I'm not sure about the attenuator, sorry.


----------



## South Park

You can go higher in ohms but not lower . The 16 ohm cab with a 8 ohm head will restrict a small amount of power out of the amp . Greetings from cal


----------



## Dogs of Doom

South Park said:


> You can go higher in ohms but not lower . The 16 ohm cab with a 8 ohm head will restrict a small amount of power out of the amp . Greetings from cal


depends on the attenuator...


----------



## paul-e-mann

Carsonthetexan said:


> Hi all! New member and longtime lurker. Finally about to get back into Marshall amps. Had a MX series a long time ago and I couldnt wait to get rid of it. Been doing some research and will be getting my first "real" marshall soon. Still debating on the SV20C or the SV20 head and cab. I've looked up countless reviews that say it's way too loud for home use so I'll be getting an attenuator for it as well. Pretty set on getting the Tone King ironman 2 mini but noticed both the amps are rated at 16 ohms. Looked up the toneking and its rated at 8 ohms only. For hooking up would i just run the 8 ohm output into the toneking then out to the 16 ohm cab? I know I'd rather have a lower head output into the cab but what if it's the combo? Thanks all!

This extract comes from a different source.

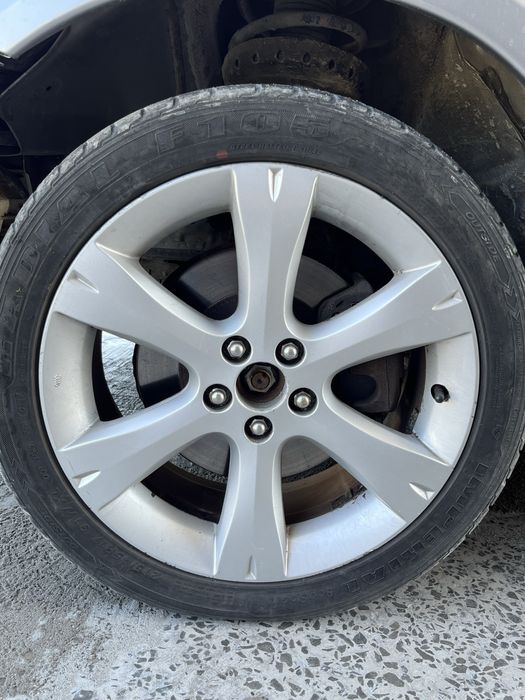 Комплект дисків subaru legacy b13 bl bp r17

You can do 8 ohm or 16 ohm with the SV20, whichever you choose make sure your cab ohms match, and your attenuator ohms match. To run it safely everything has to match. If youre dead set on the tone king then get an 8 ohm cab. Everybody here seems to like the Weber attenuator which is half the price of the tone king and can do 8 and 16 ohm you might want to look into that. Welcome to the forum! 

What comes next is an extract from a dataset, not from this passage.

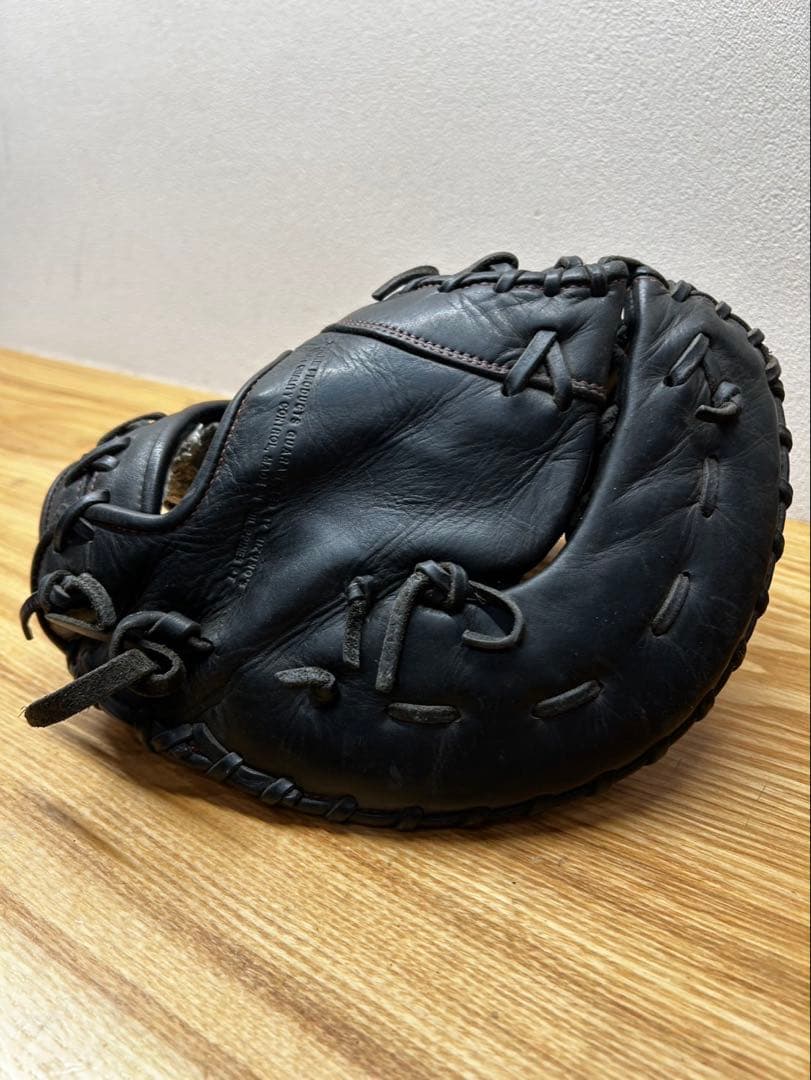 Mizuno 軟式グローブ 黒　※左利き用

I just looked up the tone king and it is 30 watts, thats not enough for the SV20 which is 20 watts, youre attenuator needs to be at least double the amp watts to use it safely, this is another argument why the Weber is better since it is 50 watts.


----------



## Biff Maloy

Being too loud varies by your situation. It can be done if you have the room. I never use an attenuator with my SV20H. At home i just run it on 5 watts and use a Celestion Heritage G12M20. 96db speaker makes a difference. It still cranks well but is tolerable.


----------



## Mitchell Pearrow

Carsonthetexan said:


> Hi all! New member and longtime lurker. Finally about to get back into Marshall amps. Had a MX series a long time ago and I couldnt wait to get rid of it. Been doing some research and will be getting my first "real" marshall soon. Still debating on the SV20C or the SV20 head and cab. I've looked up countless reviews that say it's way too loud for home use so I'll be getting an attenuator for it as well. Pretty set on getting the Tone King ironman 2 mini but noticed both the amps are rated at 16 ohms. Looked up the toneking and its rated at 8 ohms only. For hooking up would i just run the 8 ohm output into the toneking then out to the 16 ohm cab? I know I'd rather have a lower head output into the cab but what if it's the combo? Thanks all!


Welcome to the forum 
Fine choice of Marshall amp to get.
Cheers 
Mitch


----------



## Micky

Greetings!


----------



## Trapland

Carsonthetexan said:


> Hi all! New member and longtime lurker. Finally about to get back into Marshall amps. Had a MX series a long time ago and I couldnt wait to get rid of it. Been doing some research and will be getting my first "real" marshall soon. Still debating on the SV20C or the SV20 head and cab. I've looked up countless reviews that say it's way too loud for home use so I'll be getting an attenuator for it as well. Pretty set on getting the Tone King ironman 2 mini but noticed both the amps are rated at 16 ohms. Looked up the toneking and its rated at 8 ohms only. For hooking up would i just run the 8 ohm output into the toneking then out to the 16 ohm cab? I know I'd rather have a lower head output into the cab but what if it's the combo? Thanks all!


You can change the speaker(s) to make 8 ohms and set the amp to 8 ohms. Welcome.

I use Marshall Powerbrakes on the SV20 as well as my original 1968 plexi which is just a bit more valuable. I would use an Ironman, but they are both reactive loads, the Powerbrake does 8 or 16 ohms and they’re 200 bucks (used). I own and use 3 daily.


----------